過日、この1匹と同等以上の至宝の2匹が棲んでいたコンクリプールで悲劇があった。10数匹がサギに襲われ、餌にされてしまった。何せ、例のコンクリ製側溝を活かしたサンクチュアリを沈める前のことで、身を隠す水草さえなかった。四角い水溜めであり、水深が10数センチほどに下がっていた時に襲われたのだから、たまったものではない。1匹残らず平らげられてしまった。おそらくパニック状態になったことだろう。
でも、このたびの維さんが死なせた1匹よりも「ましな死に方が出来た」のではないか、と私は思う。人によっては、サギに食われて命を落とすより、食い過ぎで死ぬ方が幸せに違いない、と考える人がいないとも限らないが、私はそうは思わない。
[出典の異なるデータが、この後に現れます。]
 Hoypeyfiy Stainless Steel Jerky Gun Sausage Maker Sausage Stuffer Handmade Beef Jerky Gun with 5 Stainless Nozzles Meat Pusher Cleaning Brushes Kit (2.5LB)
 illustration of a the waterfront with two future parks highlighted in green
まず、過食で死ぬなんてキンギョもキンギョだと思う。1匹で住まわせている至宝者は、餌をやり過ぎると食べ残している。だが、このカフェテラスの大水槽のように、所狭しとばかりに大小取り混ぜて11匹も棲まわせると、その自制心を見失わせる。つまり、本能を狂わせてしまうわけだから、気の毒に思う。
狭いところで多くを飼うと、餌を競うようにして食べかねなくなる。そして、常に大きくて強そうなのが有利に立ち振る舞い、たくさん食べる。小さいのは追いやられ、食いそびれ、常に腹をすかせたような状態になる。かくして生じる競争心が、有利に立ち振る舞う大きいキンギョを過食にさせかねない。だから追いやられ勝ちであった他の小ぶりのキンギョから「ざまあ見ろ、バカモ。」と蔑まれながらの死になったのではないか。
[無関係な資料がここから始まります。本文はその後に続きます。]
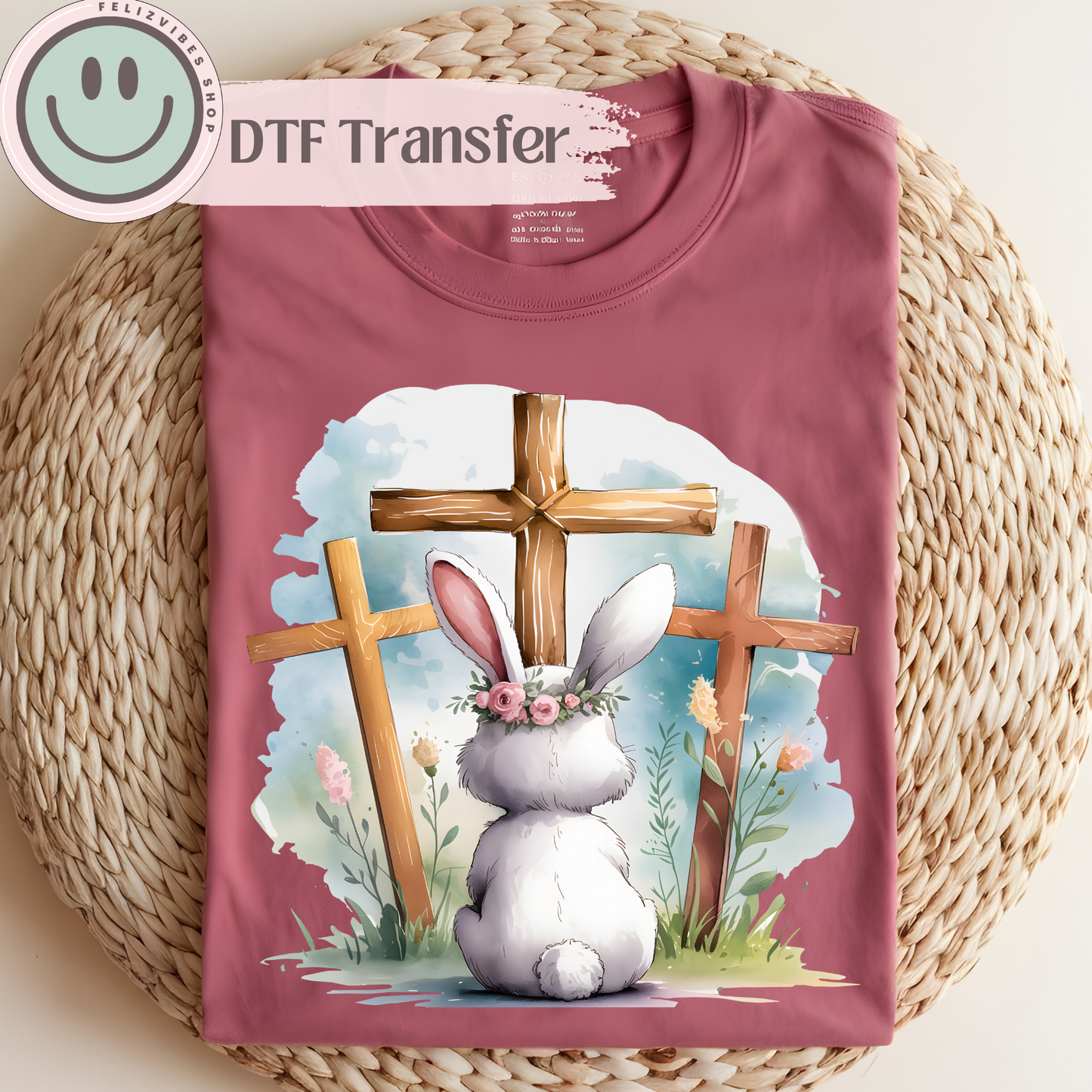 Bunny Facing Cross DTF Print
その点、コンクリプールの方は、少し事情が違う。同じく大勢で済んでいたが、広さが違う。いわゆる人口密度が小さい。その分、本能を正常に保つゆとりがあったに違いない。問題は唯一、水位が10数センチに下がりかねない点である。
きっとここに棲んでいたキンギョは、とりわけ様々な苦難を乗り越えて生き残ってきたキンギョは、常日頃から水位が下がるたびに、身の危険を感じていたことだろう。唯一、安堵できたのは、人間が近づいてきて餌をまいてもらえる時だった。襲われそうな野生動物は近づいてこない。しかも、面積が広いから、競い合いもそれほどし烈にはならない。
要は、餌にされたここのキンギョは「来る時が来た」との覚悟が、あるいはあきらめの気分が伴った死ではなかったか。いわば、カーレーサーや戦闘機のパイロットのような死に方ではなかったか。あるいは、己が餌にされ、強き相手に同化されるわけだから、もっと崇高な気分になれたのではないか。
それはともかく、この度は添える写真に苦労した。ついに、載せたい写真が撮れなかった。「至宝中の至宝」の写真を、と願ったのだが、殺気を感じ取られてしまったようで、ついに撮れずじまいになり、やむなく、カフェテラスの大水槽の写真でごまかすことにした。ここのキンギョはほぼ野生を、つまり生きものとしての自立性をほぼ失わされている。それだえに不憫にも思われる。
生き残りの1匹ではなく、死に急ぎが消えた後の、ナンバー2。つまり、次の死に急ぎ候補になりかねない1匹の写真になった、と言ってよさそうな気分にされている。